1020: A lack of news at the moment as we have no pictures and apparently the Tour Radio is struggling to get its signal through. So that's great. Here is a quick recap of the current leaders in the various classifications, just in case you need it. Yellow jersey: Rasmussen, polka dot jersey (mountains): Rasmussen, green jersey (sprint): Tom Boonen.
1005: A bit of an update, the teams that organised the protest were Agritubel, AG2r, Francaise des Jeux, Bouygues Telecom, Cofidis, Credit Agricole, Gerolsteiner and T-Mobile. They have formed a group called the Movement for a Credible Cycling and want all teams to abide by their good behaviour charter of 2005. So there you are then. Back to the racing, the riders have reached the 3km mark and there have been no breaks as yet.

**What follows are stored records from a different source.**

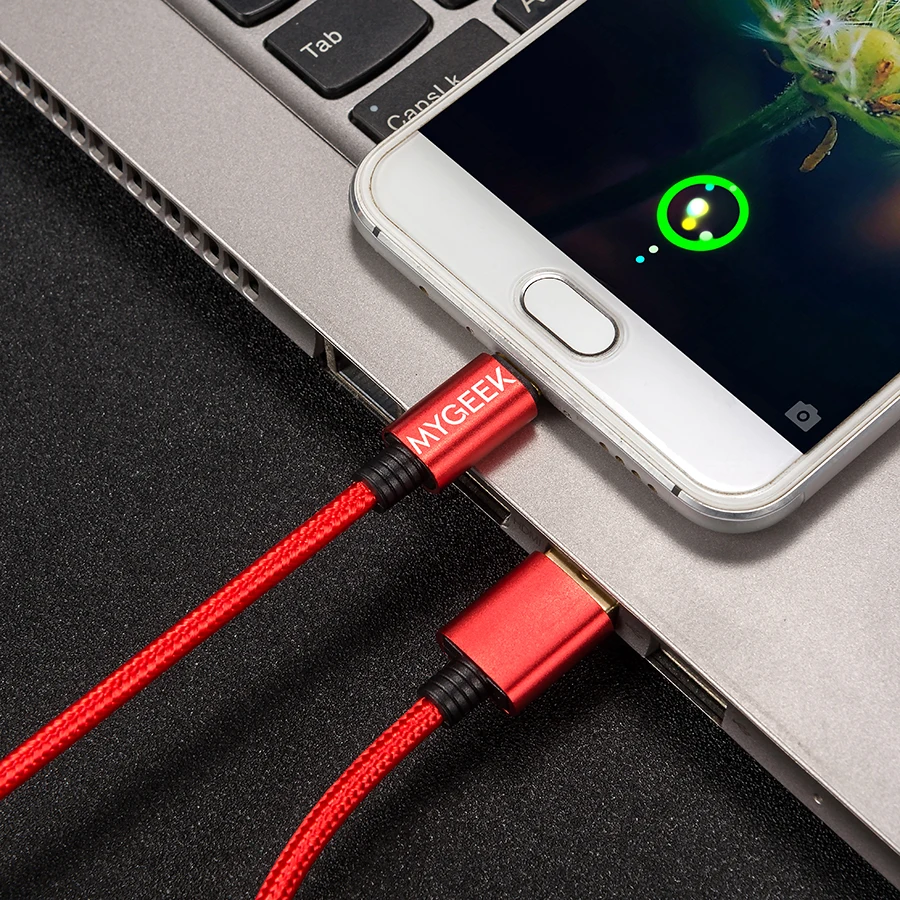 Mygeek обновление Нейлон Micro USB кабель для samsung htc huawei Xiaomi 2 м провод быстрой зарядки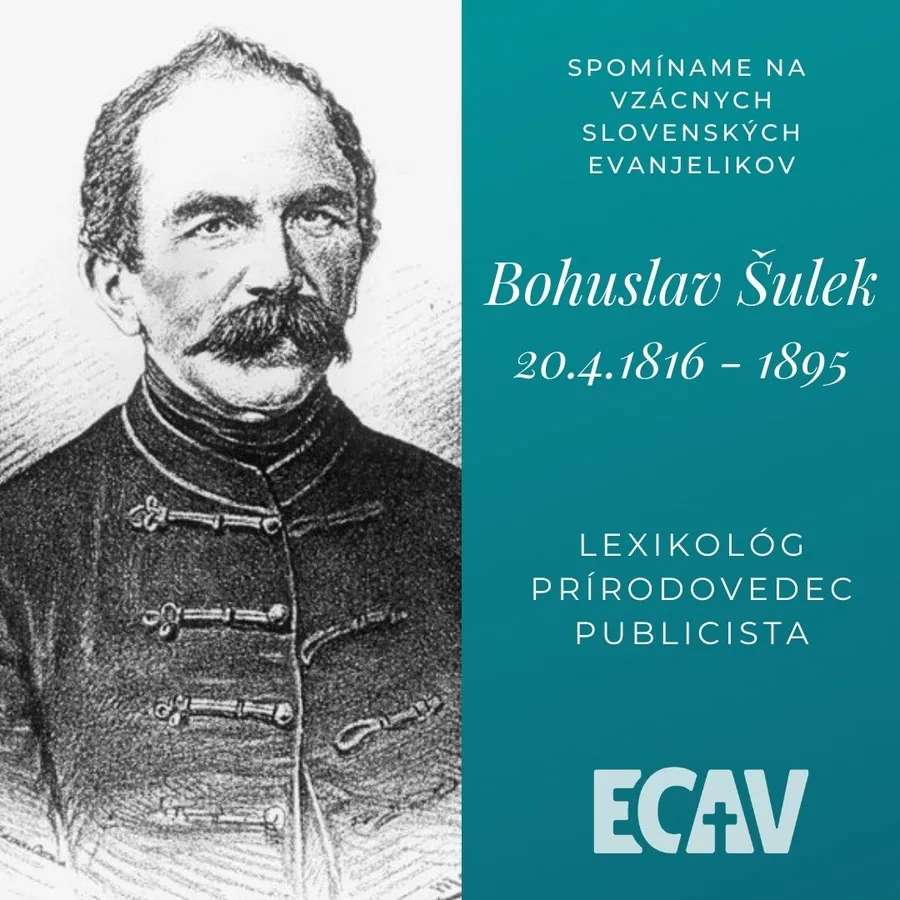 Spomíname na vzácnych evanjelikov: Bohuslav Šulek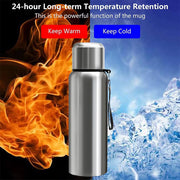 Large Capacity Stainless Steel Thermos Bottle LED Temperature Display Smart Water Bottle for Outdoor Vacuum Flask Thermal Mug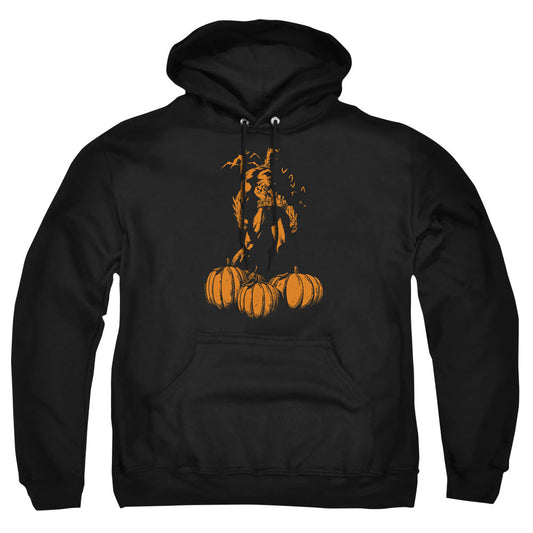 Batman A Bat Among Pumpkins Mens Hoodie Black Officially Licensed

0951: Farcical scenes as a significant group of riders refuse to start when the hooter sounds, they apparently want to make a protest against doping. After 30 seconds or so, some riders at the back have enough and sneak their bikes through the crowd to get started. A stubborn group at the front refuse to budge however and are greeted with boos from the crowd before they eventually start. What a way to get this stage going, it can only get better from here.
T-Mobile's Marcus Burghardt says: "We just wanted to make out feelings known. The authorities have to take stern measures against those riders they think are not clean."
0946 BST: The riders have gathered for the start of stage 16. Goodness knows what is going through their minds following the Vinokourov news on Tuesday. A few of the athletes are interviewed beforehand and Team CSC's Fabian Cancellara hints at a bit of defiance: "It is his problem but it reflects badly on all of us. We have to go out and fight."
The Tour de France resumes on Wednesday with the riders reeling from the latest doping scandal to hit the sport.
Alexander Vinokourov has tested positive for blood doping and the pre-race favourite and the rest of his Astana team are now out of the event.
The riders enjoyed a rest day on Tuesday and will try and put the Vinokourov news out of their minds as they negotiate the 16th stage, which runs from Orthez to the Col d'Aubisque.
The 218.5km trip is the last mountain stage of the Tour and contains an hors category climb up the Port de Larrau as well as two other first category ascents.
The battle for the overall winner is now between yellow-jersey holder Michael Rasmussen and Alberto Contador.
The stage has a mountain-top finish and Contador, two minutes, 23 seconds behind his fellow climber, says he has been boosted by his performance during stage 15, when he attacked Rasmussen four times during the ascent of the Col de Peyresourde.
"He is the same type of rider as me," said Contador. "After Monday's stage I feel a bit stronger. I felt that Rasmussen was in trouble a few times and I'm more confident."